Why the LinkedIn Algorithm Prefers People Over Pages

LinkedIn prioritizes content that sparks engagement between individuals. Content from personal accounts enjoys algorithmic preference for two primary reasons: stronger trust signals and more relational interactions.

From the Algorithm InSights 2025 report:

  • Comments from non-employees provide a 10× lift vs. Likes, and 2× vs. reshares
  • Engagement from internal employees carries ~35% less weight than external engagement

Internal engagement is still critical —it drives early momentum in a post. Employee reactions, reposts, and comments can help 'prime' a post, giving it the initial lift needed to break out of its limited default distribution.

However, LinkedIn’s algorithm rewards authenticity and breadth. The most impactful posts are those that also receive engagement from outside your organization.

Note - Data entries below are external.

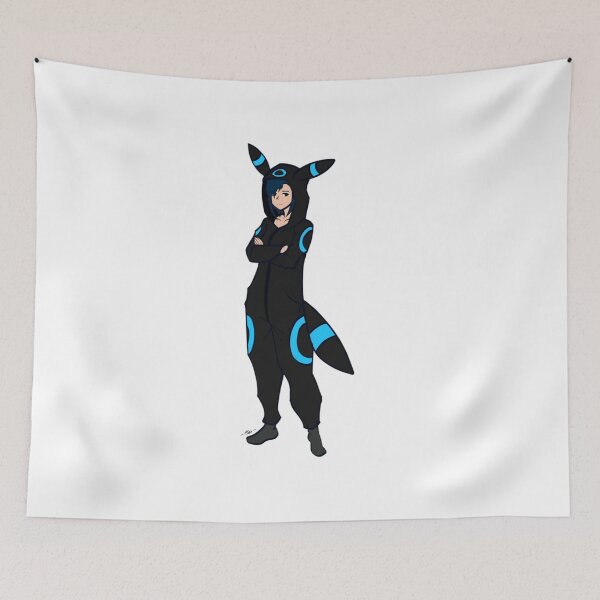 Item preview, umbreon onsie   designed and sold by KyleDaly.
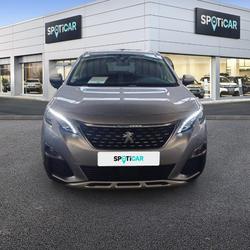 Peugeot 3008 3008 BlueHDi 130ch S&S BVM6 Allure Business Roanne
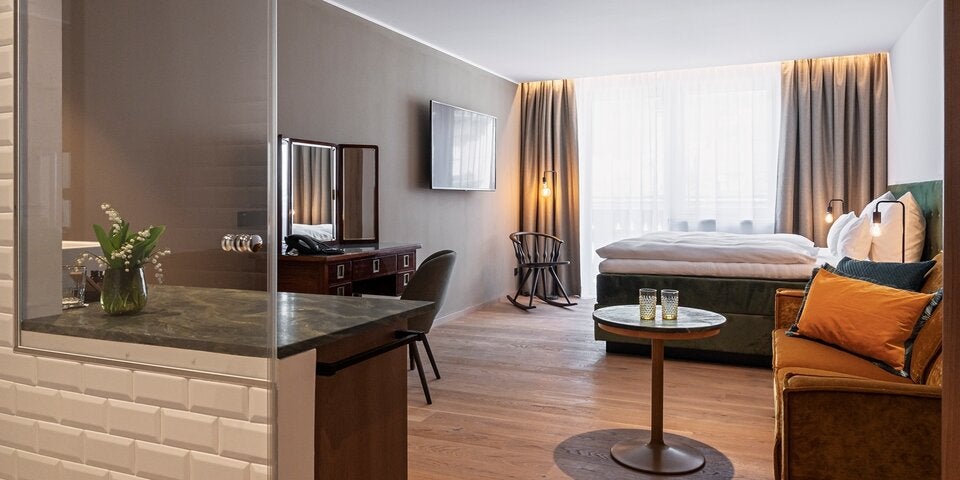 Winterfrische am Traunsee gewinnen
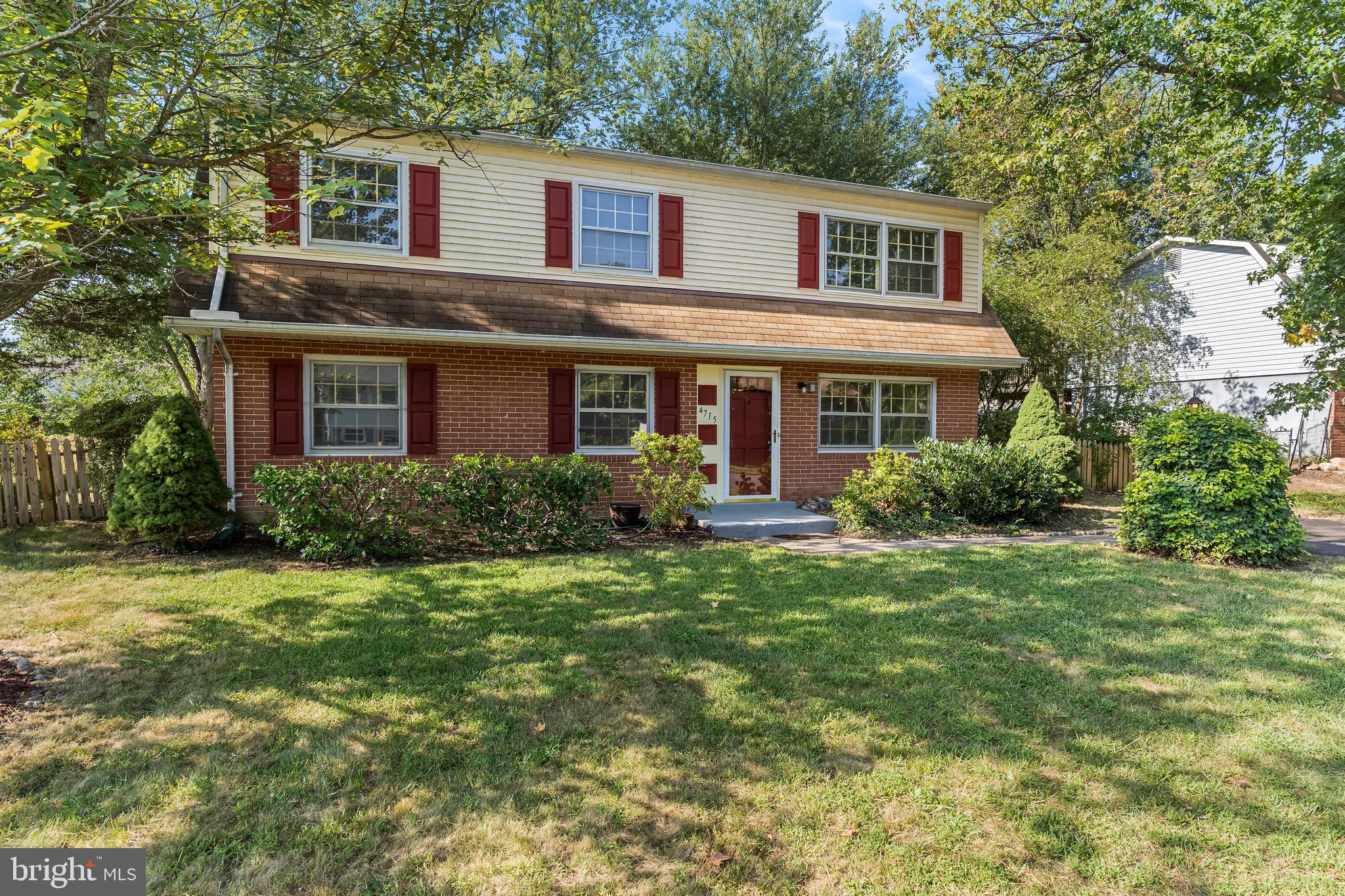 DALE CITY - Residential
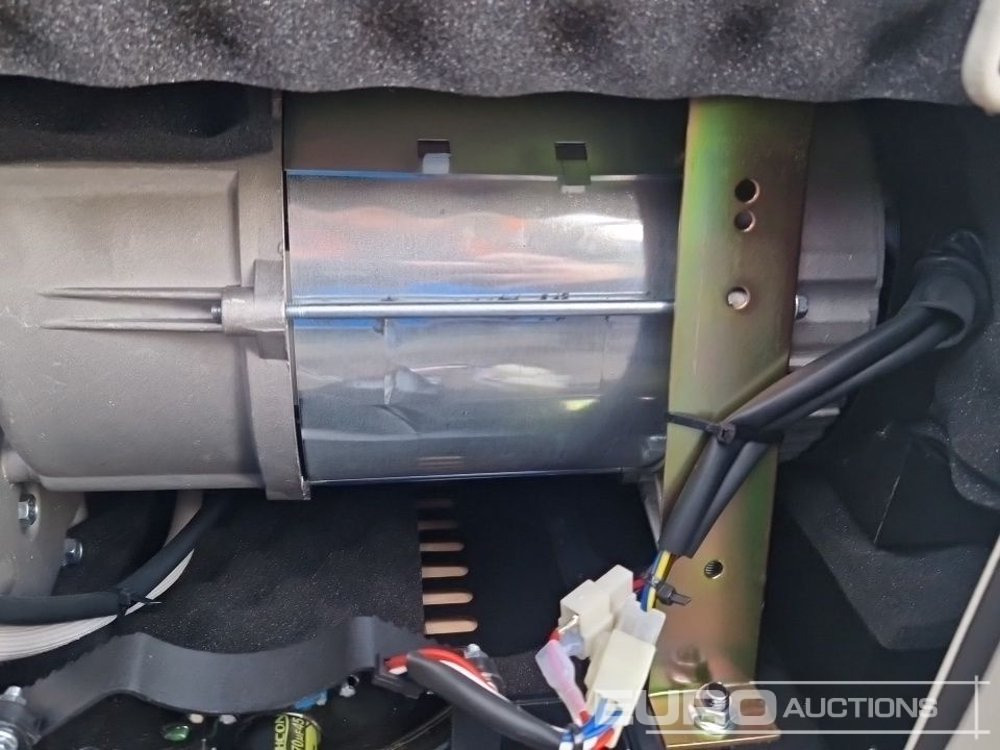 Groupe électrogène Unused Compal Power VG-R110: photos 13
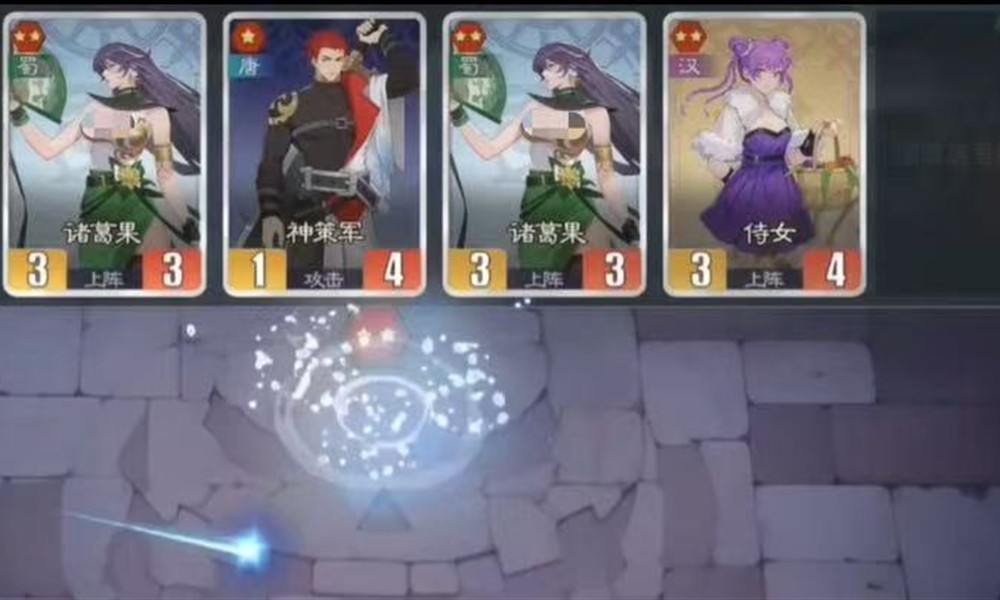 千机阵破阵测试什么时候开启 破阵测试时间详情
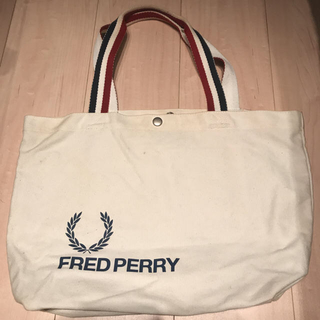 フレッドペリー(FRED PERRY)のフレッドペリー トートバッグ(トートバッグ)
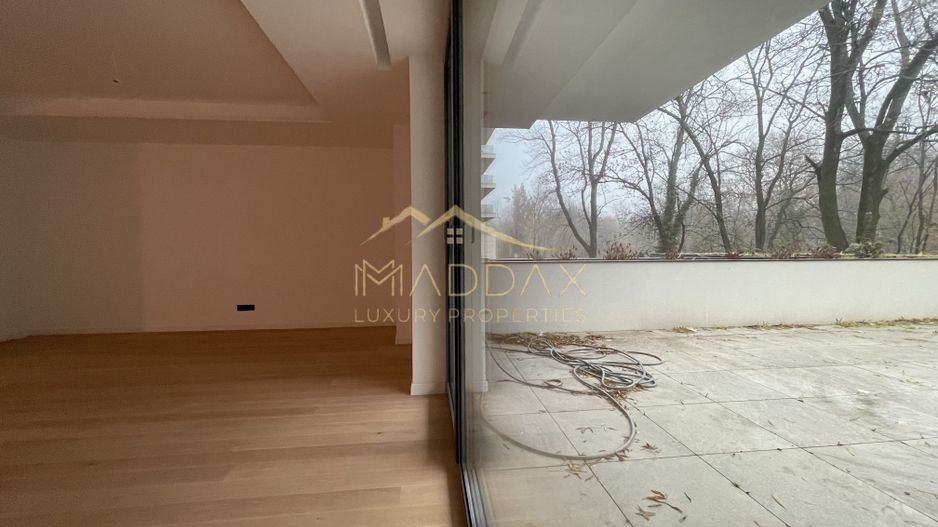 Apartament 2 camere Floreasca***102.7 mp//terasa 50 mp// Parcul Verdi - Poză 6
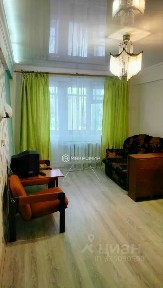 Сдается 2-комн. квартира, 46,8 м²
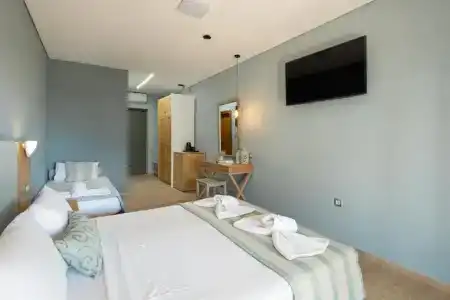 Regos Resort - 53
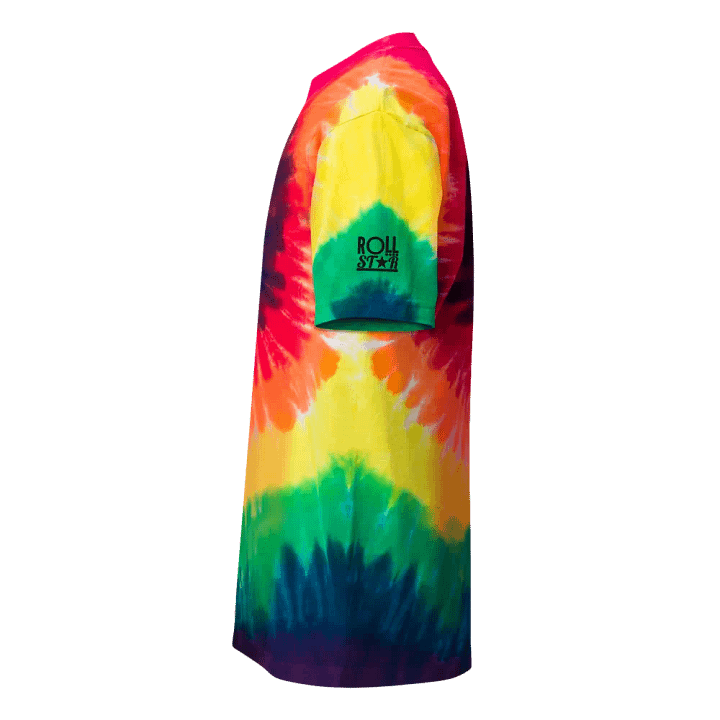 ROLLSTAR PRIDE TEE product image (2)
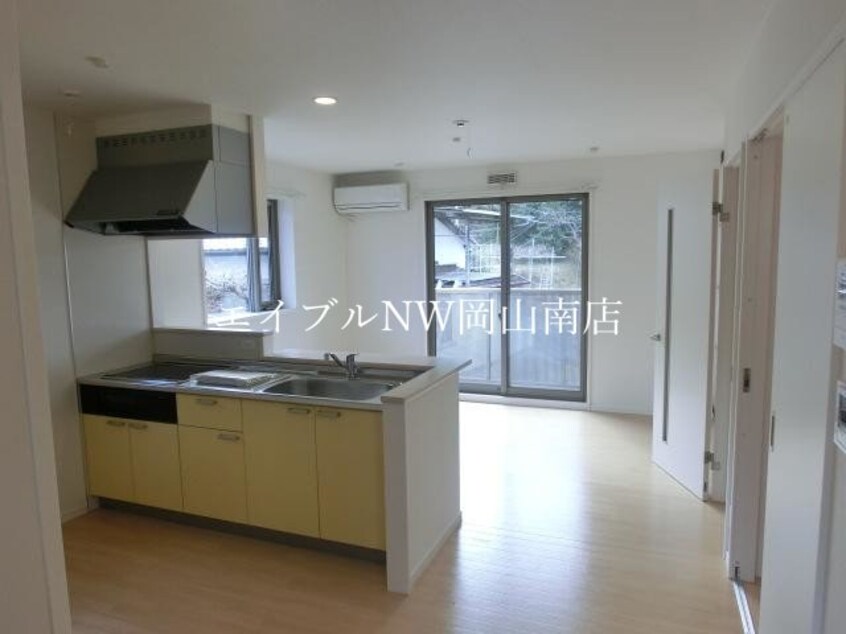  宇野線<宇野みなと線>/備前田井駅 徒歩8分 2階 築14年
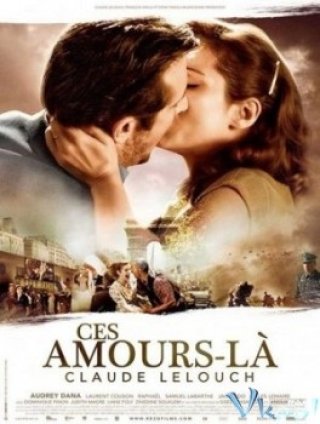 What Love May Bring (Ces Amours-là)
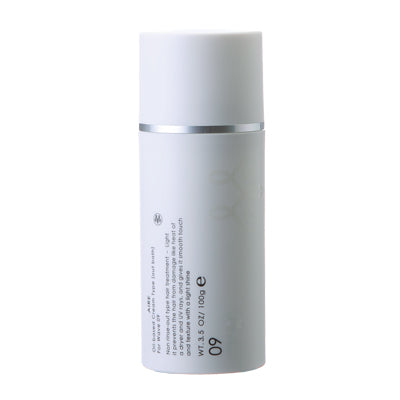 Mucota Aire 09 Protector Térmico 100 ml | Cabello Rizado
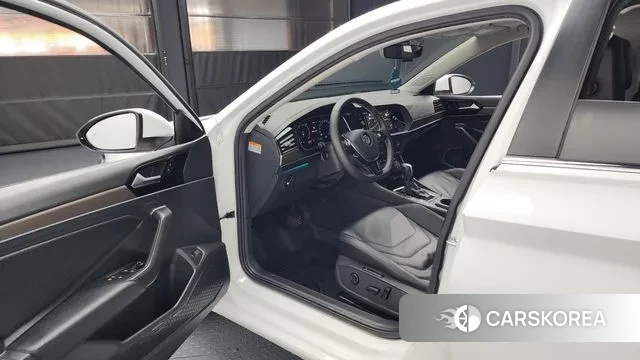 Volkswagen 7th Generation of Jetta id 3401271 из Кореи 20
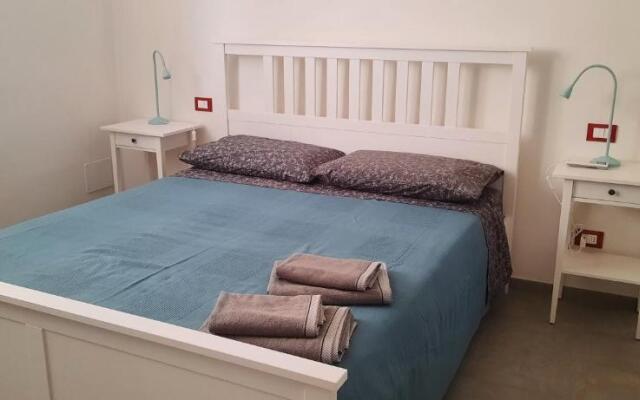 Al Cortile Tranquillo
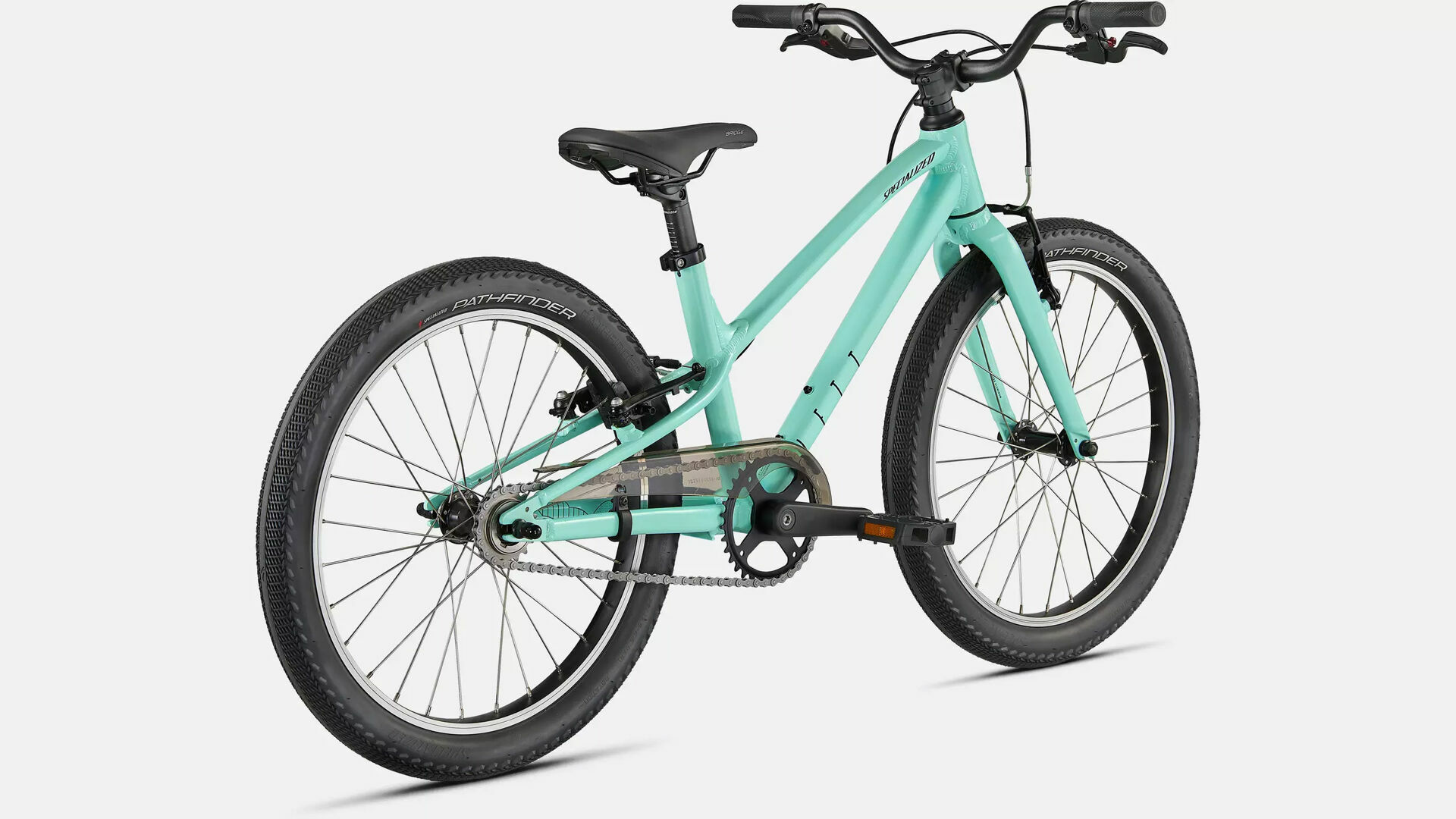 Foto Bicicleta Jett 20 Single Speed - Life Cycle Floripa Foto Bicicleta Jett 20 Single Speed - Life Cycle Floripa - Imagem 1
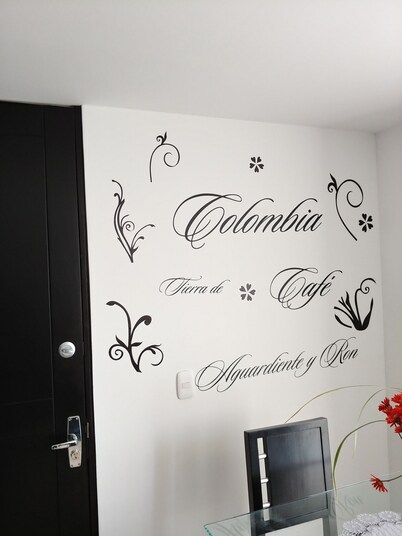 Apartamento nuevo para estrenar (The best in town)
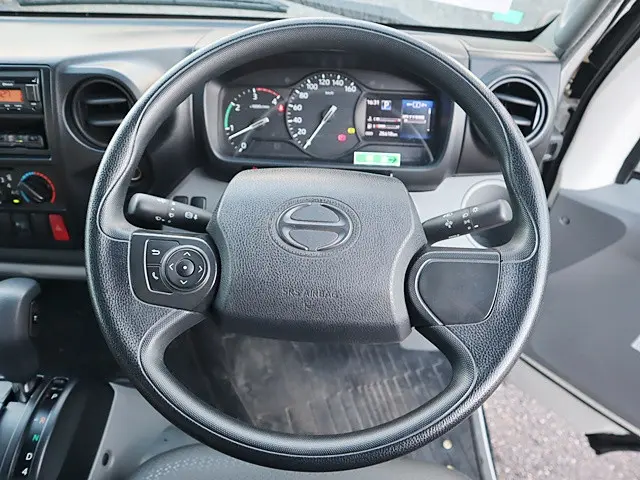 日野 デュトロ 2RG-XZU710M(2WD)の写真4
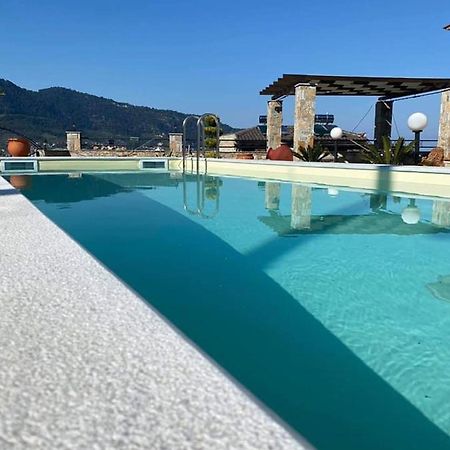 סקאלה פוטאמיאס Annas Villa מראה חיצוני תמונה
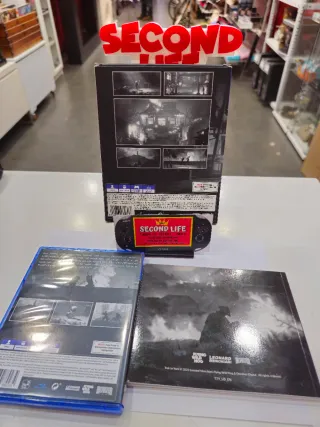 Trek to Yomi Deluxe Edition PS4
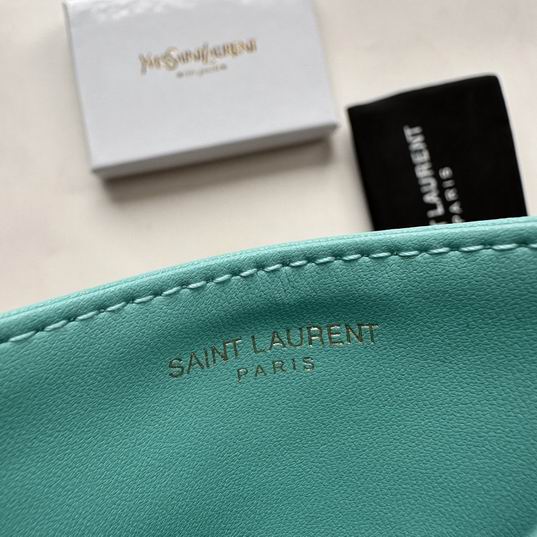 YSL 423291 10.5X7.5x0.5cm zy8_1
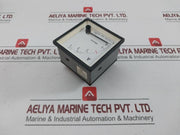 0-3/15 A By Saci Analog Ammete - 130 Gm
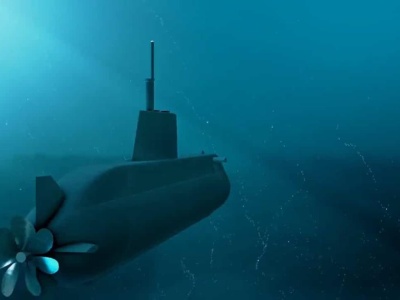 Chiny dokonały podwodnego przełomu. O tej technologii marzą marynarki wojenne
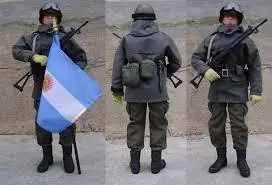 Argentina Argentina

Company Pages vs. Employee Profiles: Measurable Performance Gaps

Quantitative data highlights the disparity:

  • A Refine Labs study found employee posts generated 2.75× more impressions and 5× more engagement than the company page, despite 46% fewer followers.
  • Company posts are often filtered out of user feeds, especially if they lack external interaction. Personal posts, in contrast, benefit from relational amplification through comments, reactions, and shares.
  • Even founder profiles with 98% fewer followers than a company page can match or exceed its engagement.

In addition:

  • Employee networks are 10× larger in aggregate than company follower lists
  • Posts by employees are 2× more likely to be engaged with than those by brand pages
  • Trust in personal content is 3× higher than in brand-published material

These differences are not marginal—they’re structural and compounding.

Trust and Authenticity Drive Outcomes

Decision-makers prefer content from real people. According to Edelman and LinkedIn studies, thought leadership shared by individuals is viewed as significantly more credible than official brand communication.

This dynamic also translates to pipeline impact:

  • IBM found that leads sourced via employee content convert 7× more often than those from paid channels
  • Engagement with a team member’s content often serves as a “dark social” pre-touch before conversion

In SaaS, where trust is critical and cycles are long, this advantage is both qualitative and quantifiable.

Employee Advocacy Has Become a Strategic Imperative

What began as a trend is now table stakes. Forward-thinking SaaS companies have shifted from page-first to people-first strategies:

  • Founders are building in public
  • Sales and product teams are sharing customer insights
  • Marketers are elevating narratives through team-led distribution

Rather than broadcasting from the brand account, these companies mobilize internal voices to create reach and resonance. Content calendars now include team-driven content alongside brand posts.

As of 2025:

  • 71% of CMOs report increased investment in internal influencer programs
  • Posts that integrate personal narrative see ~30% higher engagement

How Assembly Helps SaaS Teams Scale Employee-Led Content

Assembly is purpose-built to operationalize employee-led content distribution:

  • Shared Workspaces: Create, edit, and review content across both personal and company accounts
  • Cross-Platform Scheduling: Publish on LinkedIn, Twitter, Instagram, and more
  • Auto-Engagement: Amplify posts via scheduled likes, reposts, and tagged comments
  • Analytics & Attribution: Track post performance by employee, platform, and campaign

Assembly allows companies to scale a distributed content model without sacrificing voice or visibility. Teams remain authentic, while marketers maintain consistency and oversight.

Conclusion

LinkedIn’s algorithm no longer favors companies. It favors people. SaaS brands that rely solely on company pages are competing with a structural disadvantage. Instead, leading teams are investing in employee-led content—where trust, reach, and engagement are orders of magnitude stronger.

Tools like Assembly enable this shift at scale. By coordinating content, measuring outcomes, and supporting authentic personal posting, they help teams modernize their GTM approach and unlock new surface area for growth.

The future of LinkedIn in B2B is clear: your people are the brand. Give them the tools to perform like it.